Optimization of a function over probability distributions

1.8k Views Asked by At

I'm trying to solve certain optimization problems dealing with probability distributions. Consider the space of probability distributions $\{ 1, ..., N\} \to [0, 1]$

I have a function $f : (\{ 1, ..., N\} \to [0, 1]) \to \mathbb{R}$ that I'd like to find either minimums or maximums.

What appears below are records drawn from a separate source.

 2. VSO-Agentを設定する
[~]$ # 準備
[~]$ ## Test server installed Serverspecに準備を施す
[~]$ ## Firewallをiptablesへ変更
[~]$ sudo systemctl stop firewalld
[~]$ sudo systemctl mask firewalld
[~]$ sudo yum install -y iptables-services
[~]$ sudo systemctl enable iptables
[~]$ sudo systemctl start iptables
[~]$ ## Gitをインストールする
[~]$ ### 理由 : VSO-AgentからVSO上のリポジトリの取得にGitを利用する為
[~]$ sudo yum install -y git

I have an idea to parameterize the measure space over some real valued space like $\mathbb{R}^n$. This would let me find critical points using standard gradient methods. I was able to do this for the $N=2$ case by parametrizing $[0, 1]$ over the real line to determine the probability for $1$ and then the probability for $2$ follows from the probability for $1$ but I failed to even figure this out for $N=3$.

It's also fairly easy to parameterize the space of functions $\{ 1, ..., N\} \to \mathbb{R}$ that have additivity by treating them like vectors and parameterizing the linear space that satisfies the linear equation $\sum_{w\in{1,...,N}} p(w) = 1$.

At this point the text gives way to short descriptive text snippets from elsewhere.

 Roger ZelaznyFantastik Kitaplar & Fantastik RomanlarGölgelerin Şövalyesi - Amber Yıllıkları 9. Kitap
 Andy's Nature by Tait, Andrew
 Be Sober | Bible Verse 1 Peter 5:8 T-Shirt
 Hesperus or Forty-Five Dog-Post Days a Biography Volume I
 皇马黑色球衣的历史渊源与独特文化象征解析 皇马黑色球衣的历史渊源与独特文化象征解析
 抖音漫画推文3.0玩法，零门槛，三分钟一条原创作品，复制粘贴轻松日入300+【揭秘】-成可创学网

$$p(1) = \sum_{w\in{2,...,N}} p(w)$$ $$p(2) = a_1$$ $$...$$ $$p(N) = a_{N-1}$$

where $a_i$ is free. Incorporating the bounds is harder however. I manually worked out the bounded space for N=3 and it winds up being the right triangle with leg lengths both 1 and hypotenuse root 2. I also worked it out for the N=4 case where it winds up being a tetrahedron with 3 faces as right triangles (just like the 1 before) and 1 face an equilateral. I have two problems with this however. I have 2 problems here however. 1) I don't know how to parameterize the tetraheadron (I have not tried parametrizing the triangle either but I assume it isn't hard) and 2) I don't how these shapes generalize to higher dimensions so I'm stuck at the N=4 case.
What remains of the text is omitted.